--- Task requirements ---
Could you transcribe every record below exactly as written, excluding the pictures?

[Data records]
-- Opening Marker --
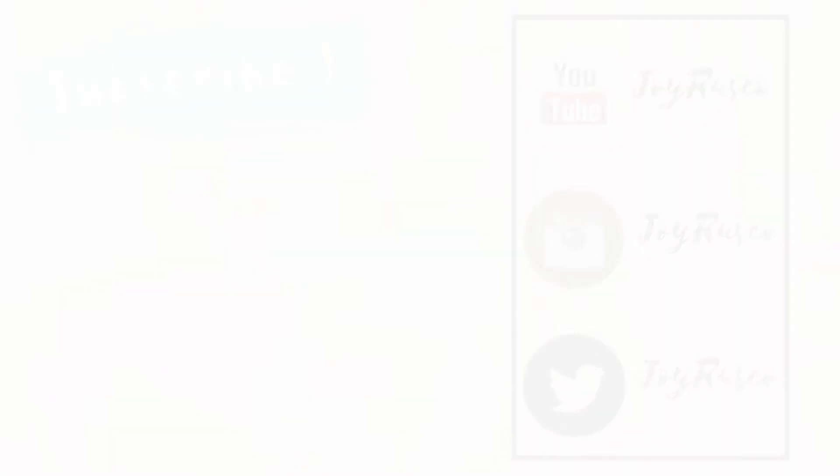I know it's kind of crazy colorful but it's fun to do it sometimes. This is the finished look — I hope you liked it, and if you did, as always please subscribe and I will see you in my next video. Thank you for watching, bye!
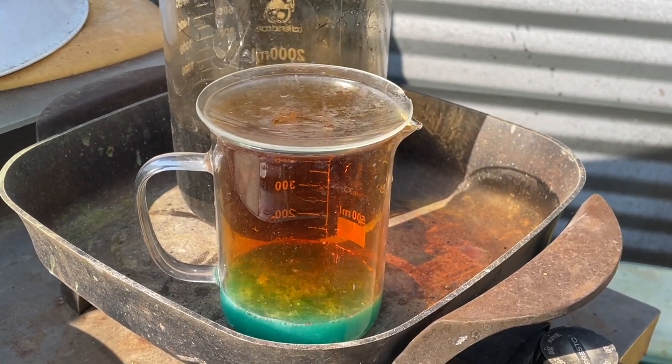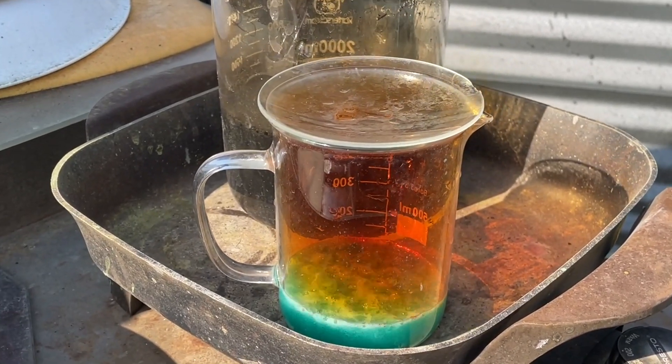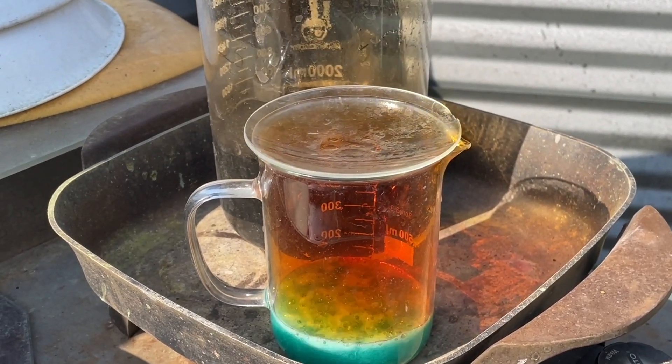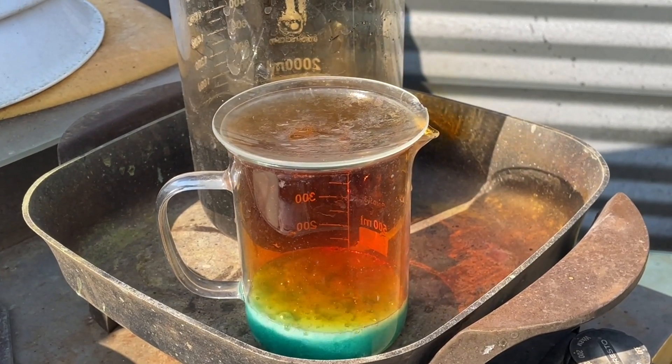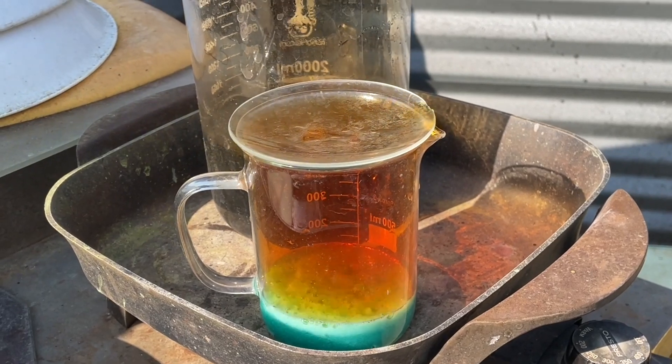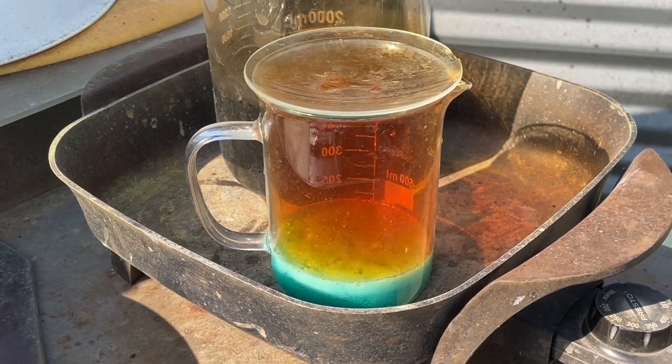Yeah that should rip there for a little bit. Now watch it — make sure it doesn't overflow. If it gets a little bit too frisky I might take it off the heat or add some water. Yeah looks basically okay thus far. I'll watch it here for a little bit anyway.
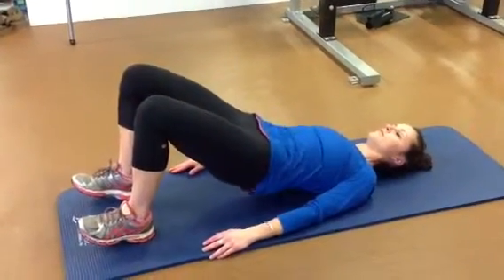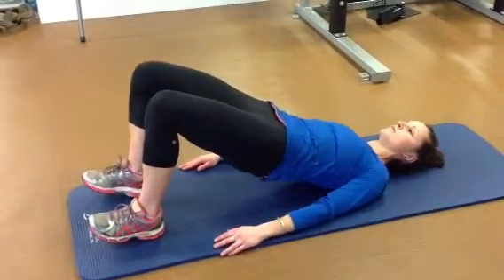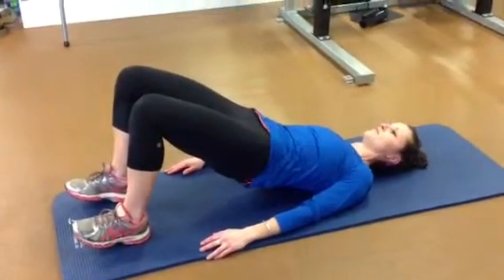Looking to hold two to three seconds and repeat this exercise ten times while you keep the weight even between both feet. If you find people are getting hamstring cramping or lower back pain while doing this exercise, don't bridge up quite as high.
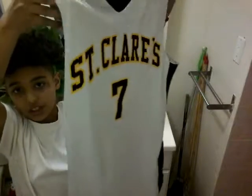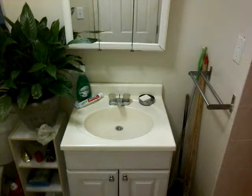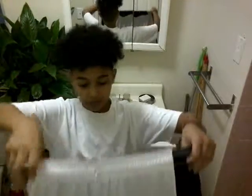First I'm going to show you guys my jersey. It's two sides, for home or at a different school. My pants are right here — my Jaguar pants. Today I have a basketball game, you know what I mean?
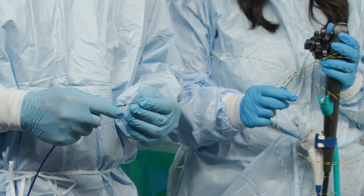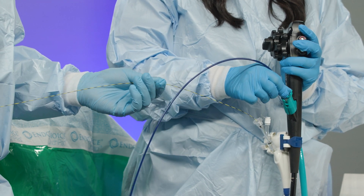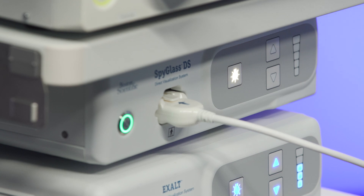Load the SPI Scope onto the back of the guidewire. When the wire exits the working channel of the SPI Scope, provide back tension. Turn the light back on.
-- Closing Marker --
--- Output below ---
I know it's kind of crazy colorful but it's fun to do it sometimes. This is the finished look — I hope you liked it, and if you did, as always please subscribe and I will see you in my next video. Thank you for watching, bye!
Yeah that should rip there for a little bit. Now watch it — make sure it doesn't overflow. If it gets a little bit too frisky I might take it off the heat or add some water. Yeah looks basically okay thus far. I'll watch it here for a little bit anyway.
Looking to hold two to three seconds and repeat this exercise ten times while you keep the weight even between both feet. If you find people are getting hamstring cramping or lower back pain while doing this exercise, don't bridge up quite as high.
First I'm going to show you guys my jersey. It's two sides, for home or at a different school. My pants are right here — my Jaguar pants. Today I have a basketball game, you know what I mean?
Load the SPI Scope onto the back of the guidewire. When the wire exits the working channel of the SPI Scope, provide back tension. Turn the light back on.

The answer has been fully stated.